One-Time Due Diligence Not Enough


New York, NY – Recent conversations with buy-side compliance professionals have revealed that while one-time efforts to conduct due diligence of third-party research is a step in the right direction, they are coming to realize that this is not sufficient to mitigate the risk of getting insider information from research providers.

Interesting Feedback from the Buy-Side

Recently, Integrity Research has had conversations with a number of buy-side compliance professionals. One of the interesting pieces of feedback they have revealed is that in internal audits, as well as discussions with current and former regulators, they have been asked about their vendor due diligence procedures, including how they conduct diligence on external research providers.

The good news is that over the past year or two a number of asset managers have implemented various forms of compliance due diligence of external research providers, including having them fill out questionnaires, provide relevant documents, and engage in some direct compliance discussions with the asset managers.

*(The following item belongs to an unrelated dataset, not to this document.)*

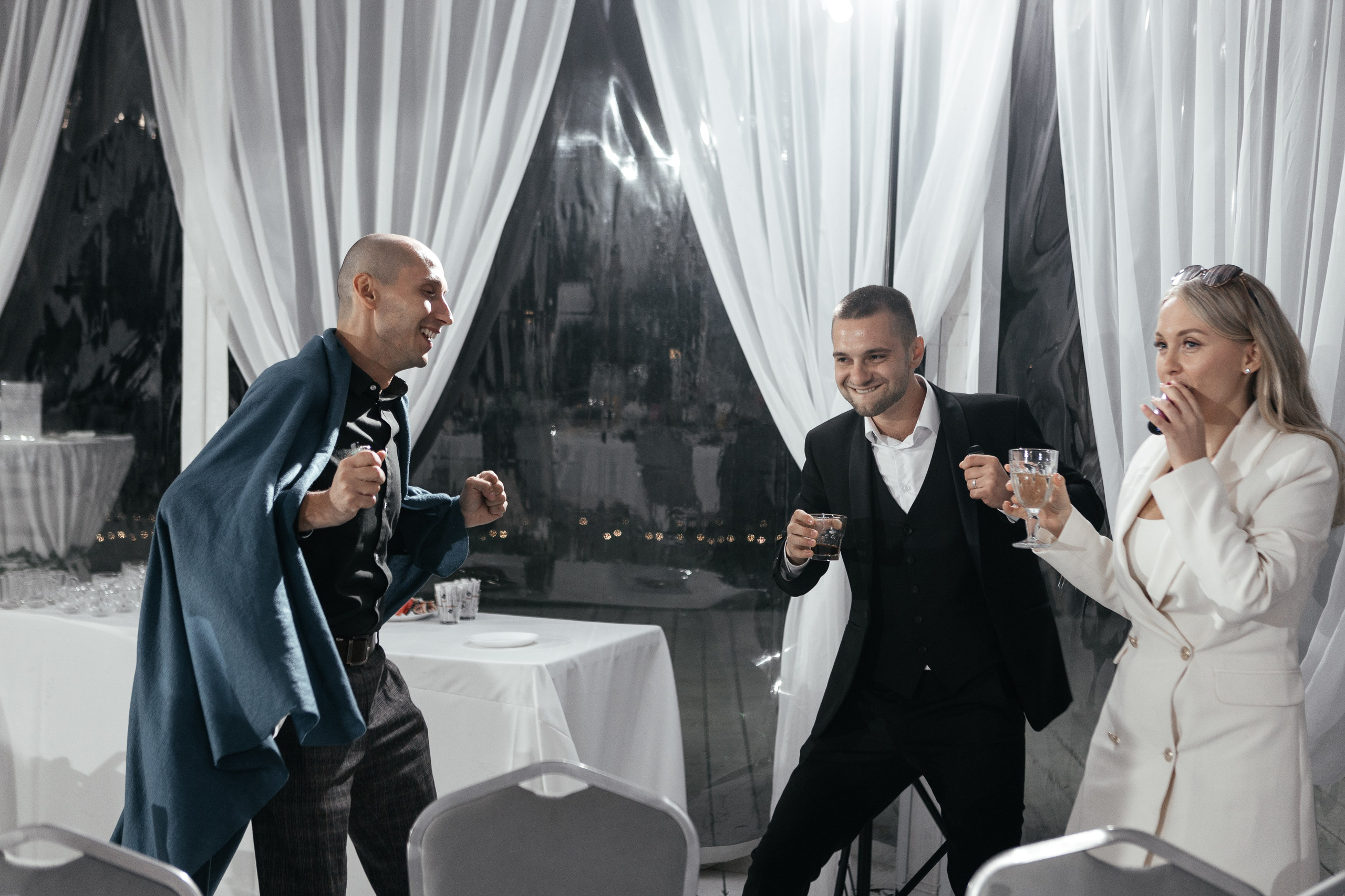 Свадебный фотограф Уфа — Руслан ГабдлисламовЖивые эмоции, красивые кадры, воспоминания на всю жизнь.Работаю по всей Республике Башкортоста. Свадебный фотограф Уфа Руслан Габдлисламов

However, most asset managers implemented this due diligence procedure once a year or so ago  – when the fear of getting material non-public information was at its highest.  Only a few managers have committed the resources to continue this compliance due diligence program since on a more regular basis.  Apparently, the efficacy of this one-time approach has been questioned by a number of experts as everyone agrees that continuous surveillance is required due to changes in the business practices of most vendors.

Relevant Issues Arise

Of course, most admit that a number of issues arise when they consider how to implement and manage an ongoing research (or any vendor) compliance due diligence program.  A few of these issues include:

Designing and implementing a program. The first question to arise is how to design and implement a research compliance due diligence program.  Most money managers have created basic questionnaires they send out to all of their research providers.  Some also request that their providers send them specific compliance documents they feel are important.  A few complement these requests with actual discussions with compliance staff at the research firms.  In addition, asset managers need to make commercial decisions about whether these programs are mandatory for all their providers.  A few money managers we have spoken with have actually told their research providers that they cannot get paid unless they complete the due diligence process to their satisfaction.  One big issue associated with implementing a compliance due diligence program is how best to analyze the information received in order to make decisions about whether the use of certain research providers increases the risk that the buy-side clients might obtain confidential or material nonpublic information.

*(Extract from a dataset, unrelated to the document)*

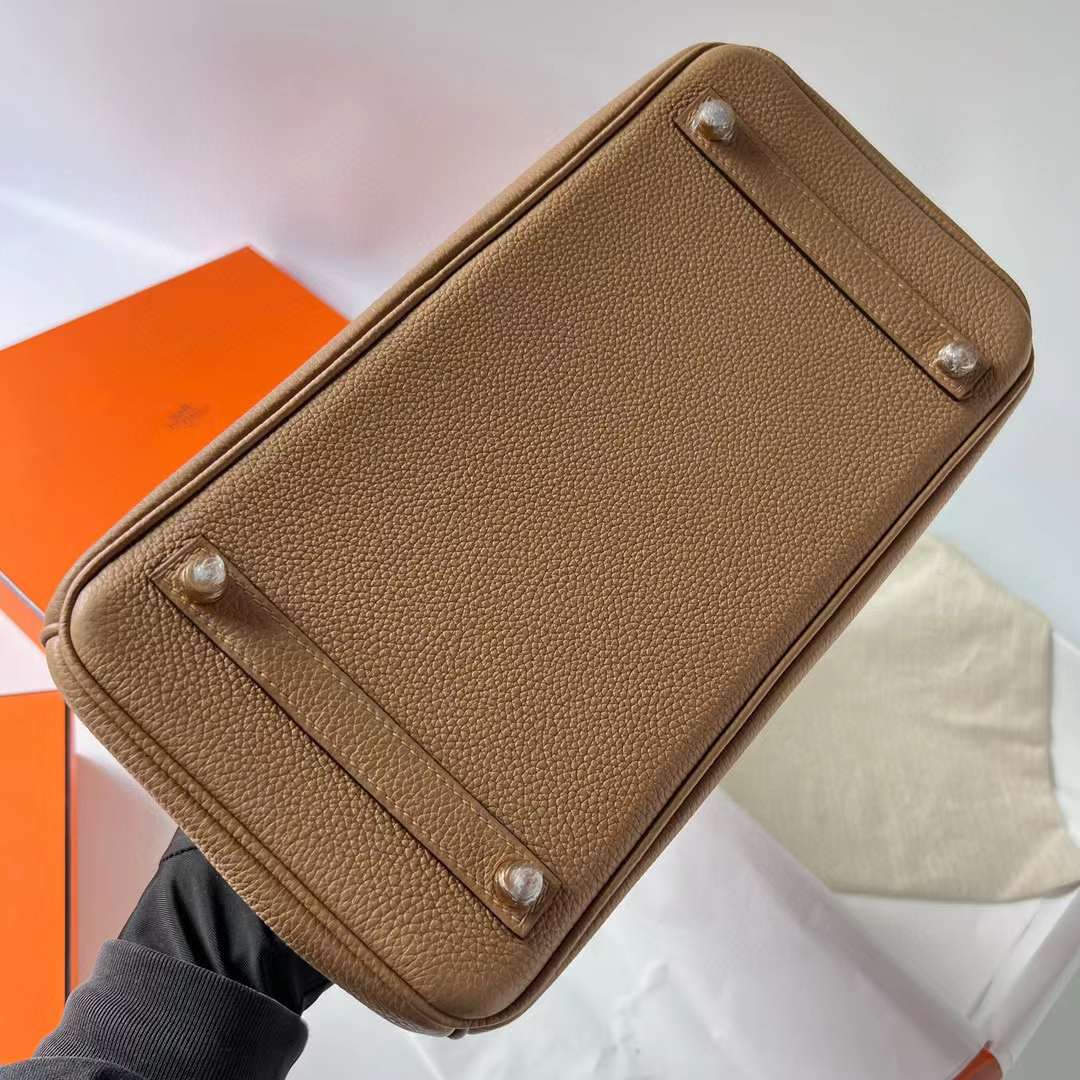 Hermès（爱马仕）Birkin 铂金包 Togo皮 0M 奶茶色 金扣 30cm 全手工蜡线缝制 Ghw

Managing an ongoing program. Developing a compliance due diligence process for external research providers that an investor implements once, while time consuming, is relatively straight forward and can be done in a manual fashion.  Implementing such a program on an ongoing basis, is much more complex as the asset manager needs to address issues like frequency of update, scheduling and managing those updates, data management, analyzing the data, etc.  A few hedge funds and long-only  managers have decided that the best way to manage an ongoing compliance due diligence system for third-party research providers requires a due diligence work-flow management system due to the number of providers involved and the complexity of managing all the various tasks.  These firms have either built these systems internally, or else they have worked with third-parties to build such systems.

Supporting the program. Of course, you cannot consider either building or buying a compliance due diligence system without counting the cost and resources required to support and maintain that system.  This includes the risk associated of managing and keeping the staff that have either built and/or support the system.

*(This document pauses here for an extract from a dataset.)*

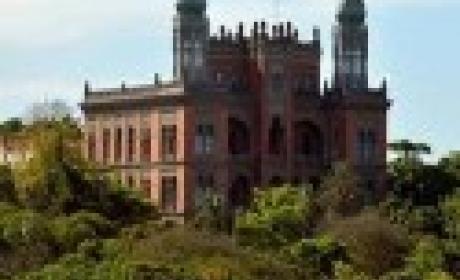 Foto: Divulgação Foto do castelo Fiocruz em destaque no alto da colina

Getting research provider cooperation. Another major issue is getting the cooperation of the research providers.  It is not too much to ask your research providers to participate in this type of compliance due diligence program if there are only a few clients requesting involvement.  However, if there are hundreds or even thousands of asset managers who want their providers to participate, this could create a huge burden on the research providers.  This problem gets larger depending on the frequency that clients want their providers to undergo this due diligence.


A few years ago, a number of hedge funds and mutual funds implemented due diligence programs to better understand the compliance risks associated with the third-party research providers they used.  This led many money managers to either mandate that their providers sign various legal attestations, or in some cases, it prompted money managers to actually fire research providers they considered to be high risk.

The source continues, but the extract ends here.